About this exercise>
Return the following from the records below: each line, word for word, starting with the line that contains "Lilia4joy webcam" and going on through the line that contains "One pcs Guitar", with nothing outside that range.

[[ Provided records, beginning ]]

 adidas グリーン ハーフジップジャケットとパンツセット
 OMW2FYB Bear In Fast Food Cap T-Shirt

[[ Provided records, end ]]
[[ Provided records, beginning ]]

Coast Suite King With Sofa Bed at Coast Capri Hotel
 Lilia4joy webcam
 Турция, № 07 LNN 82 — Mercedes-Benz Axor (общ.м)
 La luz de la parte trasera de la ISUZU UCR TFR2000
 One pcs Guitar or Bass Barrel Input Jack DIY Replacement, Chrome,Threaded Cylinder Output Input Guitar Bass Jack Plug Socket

[[ Provided records, end ]]

Your solution>
 Lilia4joy webcam
 Турция, № 07 LNN 82 — Mercedes-Benz Axor (общ.м)
 La luz de la parte trasera de la ISUZU UCR TFR2000
 One pcs Guitar or Bass Barrel Input Jack DIY Replacement, Chrome,Threaded Cylinder Output Input Guitar Bass Jack Plug Socket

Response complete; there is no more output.